Automating complex assembly processes

Next steps for automating wire harness assembly
The wire harness assembly process has long been the most difficult to automate; complex layout, flexible wires, small connectors and tight grouping all conspire keep this job as a manual operation, until now.
The Nissan-University of Tennessee wiring harness automation project is an innovative collaboration aimed at addressing one of the last major manual processes in automotive manufacturing: wiring harness assembly. The initiative began in July 2024, with hands-on student involvement starting in September. Nissan tasked a group of undergraduate engineering students with the challenge of routing wires using robotic automation, deliberately keeping experienced harness engineers out of the process to encourage unbiased, original thinking.

Aaron Hall, an Industrial Strategy Engineer at Nissan, has been closely involved in facilitating this partnership. “I serve as the liaison between Nissan and the university,” Hall explains. “Any questions the students had I tried to use my engineering background to guide them… but that was quite minimal. 99.9% of the project… was guided by the students.” Hall emphasises the project's purpose was not just technical achievement but exploring whether automation of this kind was even possible.
We actually opted for this harness project to keep the wiring harness experts out… to allow the students to kind of take a unique perspective
Aaron Hall, Nissan
Challenges in automating wiring harness assembly
Automating wiring harness assembly faces several challenges.
As Hall explains, “A wire is not a rigid structure like you would see in body
assembly or general assembly. It’s unpredictable and almost uncontrollable
unless you have a grasp on the entire thing.” This fundamental flexibility and
variability make automation difficult, as robotic systems struggle with
components that don’t behave in a fixed, repeatable way.
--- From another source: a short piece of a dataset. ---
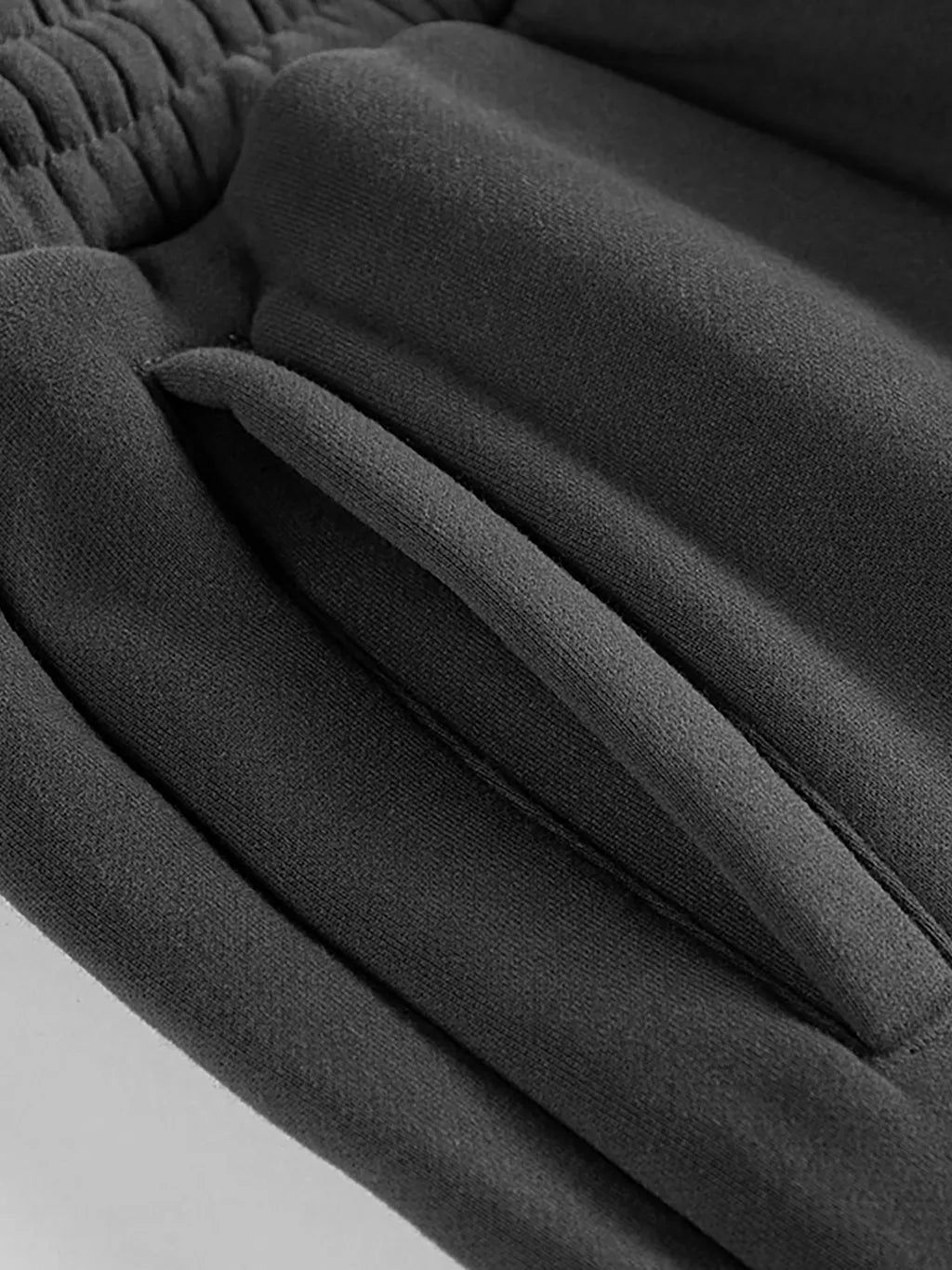 LUXURY TERMINAL - Unisex Heavyweight Fleece Joggers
We actually opted for this harness project to keep the wiring harness experts out… to allow the students to kind of take a unique perspective” – Aaron Hall, Nissan
Historically, wiring harnesses have been assembled manually in low-cost regions, but COVID-era supply chain disruptions exposed vulnerabilities in this approach. As Hall notes, this experience “pointed to a very big issue,” pushing Nissan to explore more resilient, local automation solutions.
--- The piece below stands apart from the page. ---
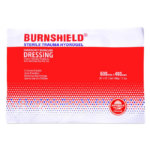 Compresse d'hydrogel 60 x 40 cm Burnshield®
Student contributions and innovations
The university students involved in Nissan’s wiring harness
automation project made major strides that exceeded expectations and brought a new
energy to a long-standing manufacturing challenge. Without prior automotive
experience, the students approached the problem with a fresh perspective. “We
actually opted for this harness project to keep the wiring harness experts out…
to allow the students to kind of take a unique perspective,” explains Hall.
They were able to take a wire from point A to point B and put it into a connector… and they were able to do it repetitively
Aaron Hall, Nissan

Their key achievement was building a robotic system capable of repetitively routing a wire into a connector with high precision – 1.6 mm terminals into 1.8 mm connectors – over just a three-month span. “They were able to take a wire from point A to point B and put it into a connector… and they were able to do it repetitively,” Hall said. This prototype validated the feasibility of robotic harness assembly and opened the door for further innovation. This achievement also unlocked a new set of challenges: “What happens whenever you populate an entire connector with wires? Do you still have enough space to fit that final one?”
The students also brought significant process efficiencies. Hall highlights a breakthrough in routing design: “They determined that instead of needing 15 pegs, they only needed two to be able to do all the routes… It reduces complexity and time.” Their suggestions also included implementing vision systems to replace manual XYZ coordinate programming, further enhancing automation.
Future directions and implications
Looking ahead, Nissan’s wiring harness automation project is set to continue
evolving through sustained university collaboration and iterative development.
As Hall notes, “We are continuing with the university to work on this from a
few different angles… at least into next year.” A new cohort of students will
build on the existing prototype, tackling more complex tasks like full
connector population and harness bundling.
The current system proved that robotic wire insertion is feasible, but Hall emphasises that it’s not yet ready for manufacturing. “This will not be a manufacturing-ready process… but by the end of the following year, we will have a very good system that we could then take back… potentially bringing it in-house or sharing with a supplier,” he noted.
While the immediate manufacturing impact is modest, the broader implications are significant. “In the physical time to create the harness? No,” Hall admits. “Where you can see potential improvements... is 90% in the supply chain.” Local automation could streamline logistics, reduce lead times, and enhance production flexibility.
Ultimately, the project’s flexible path forward keeps options open: internalisation, supplier integration, or hybrid manual-automated workflows. As Hall put it, “Everything’s an option at this point… we don’t know what the system can do yet.”
The project will continue with a new student team, iterating on the current design and integrating features such as vision systems. Hall remains involved as a strategic guide, ensuring continuity and helping bridge academic innovation with industrial application.